Sunday, December 18, 2016

Equality, Elites and the Arts

Scott Lasch wrote a book called "The Revolt Of The Elites." What he did not tell you is that America owes its nationhood to one. America's founders such as Thomas Jefferson and Ben Franklin came from the aristocracy, and they created America's statehood. The ideas for America's democracy came from English and French aristocratic intellectuals such as Locke and Voltaire. And without these elitist intellectual, an average American would be tilling a 2-acre plot of land, living till age 30 and having his sons drafted into the military and his daughters into domestic servitude.

What would happen if Thomas Jefferson came to America today? Most likely he would be regarded as an elitist and a snob. Even more likely he would be regarded as dangerous, even narcissistic or psychopathic. Most certainly people would think that he is arrogant or "thinks he's better than everyone else." And then of course there would be any number of others who think that he does not live in the real world.

Anyone from any kind of background can be bad to someone from another background. People from higher born groups can be bad to people from lower born groups; but the opposite can happen as well. I knew a woman who came from English royalty, who married a man from a bad background. He made her spend 6 hours a day cleaning the house and would come at her with fists whenever he found a speck of dust on the floor. To him, she was a trophy wife. To her, he was a complete tyrant - one who did not come from any kind of aristocracy and who behaved in a much more tyrannical manner than most men who are high-born.

Now there are any number of people who want equality; but equality can mean any number of different things. If a woman wants equality with men, then that means that she will have to deal with what men deal with - competition, violence, war. With racial equality, there are also demands on the person; white people demand a lot of one another as well. But these are not the things that I want to talk about the most. I seek to talk about this: Culture.

Probably the worst feature of America is its lack of respect for culture and the arts. At one or another point some people decided that there is some kind of incompatibility between culture and equality. This is wrong - totally wrong. One does not need to be an aristocrat to value culture or to produce culture. I have seen excellent work produced by people from lower-income backgrounds, both black and white; and it is wrong to see culture as something that is a luxury of the elites.

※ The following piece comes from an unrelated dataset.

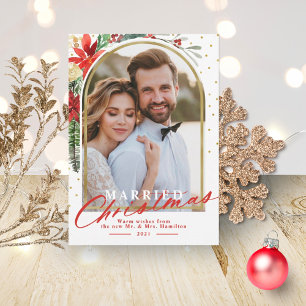 Anúncio de casamento de Natal Casamento de Férias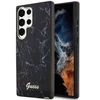 Guess GUHCS23LPCUMAK S23 Ultra S918 juodos spalvos kietas dėklas Marble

In France, culture is something that is held in high esteem, and not only by the highly educated. Even the manual workers there have use for the arts and the thought. There is absolutely no reason why America should not do the same either. American people are just as talented and intelligent as French people. The only problem is their attitudes.

What are these attitudes? One, once again, is seeing art and thought as luxuries of elites. They are no such thing. Without them damn snob intellectuals such as Thomas Jefferson and Ben Franklin, America would not exist. As for prosperity, it also owes vastly to intellectuals, particularly Adam Smith who articulated the philosophy of capitalism and economists such as Milton Friedman who brought it back when much of the world embraced socialism. There has been magnificent architecture in America, and there has been beautiful machinery built in America. Art and culture can exist anywhere and regardless of background, and it is wrong that a nation of 300 million people with per capita GDP of $50,000 a year should not have art comparable to that of Renaissance Italy.

Another is a stance of denigration of beauty. This has been especially strong in feminism. A belief that some people appear to have is that beauty is incompatible with being a good person. This is a terrible belief. There is no reason whatsoever to see there being any kind of relationship - good or bad - between being beautiful and being a good person. Some people will be both; some will be one or the other; and some will be neither. The idea that there is something incompatible between such things is nothing but a license for women who are neither to abuse women who are either or both. And in the real world, it translates into there being no demand for beauty, to result in very little beauty being created in the country.

Another thing that adds to reduction in beauty in the country is the trends in academic art. Postmodernism and avant garde poetry are absolute abominations. There is no beauty to them whatsoever; indeed they are against beauty. When Jewel wrote a poetry book, the media establishment maligned her terribly, when her poetry in fact was far better than anything that they publish. Having written poetry in classical and romantic styles on Internet forums - and having been viciously attacked for it by people claiming academic associations - I know just what faces someone who actually strives to produce beautiful work and how hard it is to get it to people who would derive benefit from reading it.

Most certainly Thomas Jefferson and Ben Franklin would have taken objection to the anti-artistic stance. They would have corrected their followers, telling them that equality is not the same thing as sameness. They would have told their followers that accomplishment isa good thing, and that also means artistic accomplishment.

They also would have taken objection to the stance that calls people dangerous for thinking differently from those around them. They would have said that freedom means freedom, and that means first of all: In thought. They would have said that just about everything to which the world owes what it has started in original thought; and original thought is something that starts in original minds - the very minds that the recent trends have been trying to portray as dangerous.

So now America has a president whom psychology describes as a narcissist, and who is a self-made billionaire with excellent taste. Maybe it could be possible to work in such a climate to build a culture. Maybe it could be possible to confront the academic abominations. Maybe it will be possible to make America beautiful again. And maybe - just maybe - it will be possible for there to be a demand for beauty, to result in those who are capable of producing beauty doing so - and those who seek such a thing having in their lives the beauty that they seek.